Lancashire PMCT pilot
A Lancashire PMCT pilot was commenced with a lead consultant radiologist being trained in the interpretation of post-mortem CT scanning. A specialist forensic radiographer was also trained and the pathologists helpfully cooperated undertaking the external examination of the bodies.
The cases selected for scan were those of unexpected death in the elderly. The scans were conducted outside normal working hours using an existing CT scanner and proved that nearly all PMCT cases would diagnose the condition causing death.
As a result, it was concluded that an NHS based PMCT service was a viable possibility. Furthermore, as the cause of death was diagnosed with an imaging modality in which the radiologists were the specialists, a PMCT service could be provided with the radiologist giving the cause of death and without the need to add to the pathologists’ workload.
As the cause of death was diagnosed with an imaging modality in which the radiologists were the specialists, a PMCT service could be provided without adding to the pathologists’ workload
The external examinations are undertaken by anatomical pathology technicians who have received significant additional training by a Home Office pathologist in recognising abnormal forensic signs.

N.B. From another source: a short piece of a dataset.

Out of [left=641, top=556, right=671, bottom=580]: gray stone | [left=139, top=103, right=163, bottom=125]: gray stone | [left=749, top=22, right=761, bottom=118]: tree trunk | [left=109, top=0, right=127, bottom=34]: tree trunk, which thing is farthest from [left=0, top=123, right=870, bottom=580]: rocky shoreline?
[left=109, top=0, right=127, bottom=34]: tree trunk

Although concerns have been raised about this approach, the APTs have identified four cases of potential homicide previously described as non-suspicious resulting in one person being charged with homicide and three ongoing homicide investigations.
Splitting of roles
Lancashire County Council, the relevant local authority responsible for resourcing the coroner, agreed to support a PMCT service as the principal investigation to establish a cause of death provided it was cost neutral as against the cost of traditional post mortems.
Discussions between Lancashire Teaching Hospitals trust and the council established that neither had sufficient available capital to purchase a dedicated scanner.

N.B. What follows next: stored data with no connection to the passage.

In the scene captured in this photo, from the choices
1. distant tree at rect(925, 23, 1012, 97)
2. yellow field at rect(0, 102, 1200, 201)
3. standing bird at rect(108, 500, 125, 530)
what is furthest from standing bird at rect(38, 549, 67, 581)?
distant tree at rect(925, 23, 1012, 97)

The coroner, the trust and the council engaged a private contractor to provide the digital autopsy scanner and its building, hardware for storage of images and, as the scanner was to be located centrally within Lancashire, transport arrangements for the deceased from remote mortuaries.

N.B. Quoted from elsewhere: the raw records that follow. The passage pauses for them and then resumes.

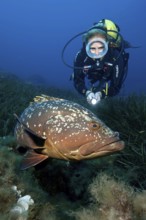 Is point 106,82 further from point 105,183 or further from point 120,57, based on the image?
point 105,183

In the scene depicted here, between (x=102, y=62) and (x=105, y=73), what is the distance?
385 mm

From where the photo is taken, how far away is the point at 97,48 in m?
9.55

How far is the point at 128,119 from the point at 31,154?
305cm

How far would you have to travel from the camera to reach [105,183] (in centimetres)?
309

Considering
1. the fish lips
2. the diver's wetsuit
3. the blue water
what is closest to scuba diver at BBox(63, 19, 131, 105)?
the diver's wetsuit

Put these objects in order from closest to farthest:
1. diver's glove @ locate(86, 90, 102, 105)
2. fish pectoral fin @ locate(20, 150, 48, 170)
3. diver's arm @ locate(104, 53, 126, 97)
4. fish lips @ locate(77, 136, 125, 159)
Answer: fish lips @ locate(77, 136, 125, 159) < fish pectoral fin @ locate(20, 150, 48, 170) < diver's glove @ locate(86, 90, 102, 105) < diver's arm @ locate(104, 53, 126, 97)

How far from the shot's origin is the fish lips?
338 centimetres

The coroner, the trust and the council engaged a private contractor to provide the digital autopsy scanner and its building, hardware and transport arrangements for the deceased
However, provision of radiologists, forensic radiographers were to be provided by the trust and activities undertaken as part of their job plan.
This splitting of the role reduced both commercial disadvantage in negotiations and risk of a lack of continuity of service were the commercial arrangements to cease. This was in accordance with the council’s commercial strategy of spending public funds locally wherever possible.
A non-invasive alternative
The result is a local authority, NHS acute trust and private provider successfully cooperating to deliver free at point of delivery digital autopsy post-mortem scanning to the majority of the population of Lancashire.
This has been delivered at a less than cost or cost neutral expenditure when compared to traditional post-mortems. The PMCT service now has 14 consultant radiologists, specialist forensic radiographers and six trained APTs.
In the first three months of operation, over 90 per cent of scans established the cause of death avoiding 415 invasive post-mortems.
The comfort and benefit delivered to bereaved families by the knowledge that an accurate cause of death has been identified without resorting to evisceration of the body is considerable and not to be underestimated.
William Beveridge’s quote of NHS care “from the cradle to the grave” can now include PMCT in its care of deceased persons providing a non-invasive alternative for the investigation of death in large scale geographically dispersed populations.